Last year around this time Deke converted a beloved childhood drawing trick into a Photoshop project: the annual Thanksgiving tradition of creating a turkey by tracing around one’s splayed out hand. This week’s pre-Thanksgiving free Deke’s Techniques episode pays homage to another childhood drawing game: making a cute stylized pig by connecting some carefully arranged letters.
Let me regale you with the tangentially holiday-related story of how this little piggy came to be. Deke and I were enjoying a suitably tasty breakfast in what passes for a greasy spoon in the health-conscious city of Boulder, when Deke began admiring photographs of barnyard animals around the room. He gazed at one porcine specimen and said, “Look at that pig-ture.” (Deke apparently loves a good graphic pun in the morning.)

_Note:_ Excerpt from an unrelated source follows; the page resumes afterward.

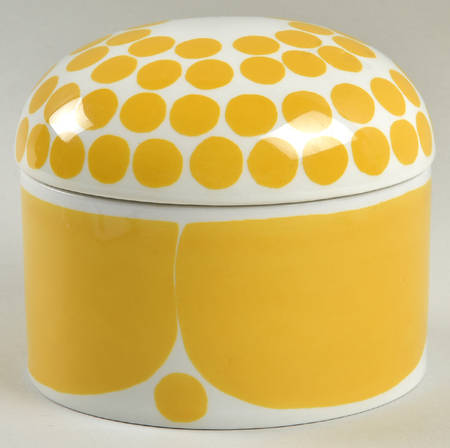 Sunnuntai Oval Sugar Bowl & Lid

After my eyes rolled back to their original position, I grabbed a napkin and our waitress’s pen and showed him this trick I recall from some murky time in my childhood: drawing some familiar letters, then connecting them to magically make a pig. The waitress squealed with delight, Deke started writing notes for this tutorial, and I squirreled away the napkin for the day I would one day be writing about this technique. It isn’t easy doing this week after week and I need to hang on to all the props I can find:
Which, in Photoshop becomes this:
Now, of course, in the hands of Deke, a low-tech napkin sketch becomes an opportunity for a lesson in some useful, basic Photoshop skills. You’ll see how to reverse the E and convert it to outlines to extend the snout. How to mask the W feet against the body and fill them with a bit of hoof. How to adjust a repeating script so that it smooths out into one flowing curly tail, and more tricks that might seem overkill for reproducing a childhood drawing game, but for which you may find yourself one day grateful.
Meanwhile, if you’re a member of lynda.com, there’s an exclusive movie this week in which Deke shows you how to make this “photorealistic” or at least as photorealistic as a pig made from letters can possibly aspire to be. If you’d like to try out a membership, you can get a free week’s trial at lynda.com/deke.
Before you go, here’s a message from last year’s hand turkeys, Jake and Jenny, who are delighted with this week’s change in menu:
And thanks to all the blessed colonists and indigenous peoples of dekeTown. Whether you’re here in the States taking a four-day weekend filled with indulgence in the name of gratitude or elsewhere in the world observing what you call Thursday, we continue to be grateful for you.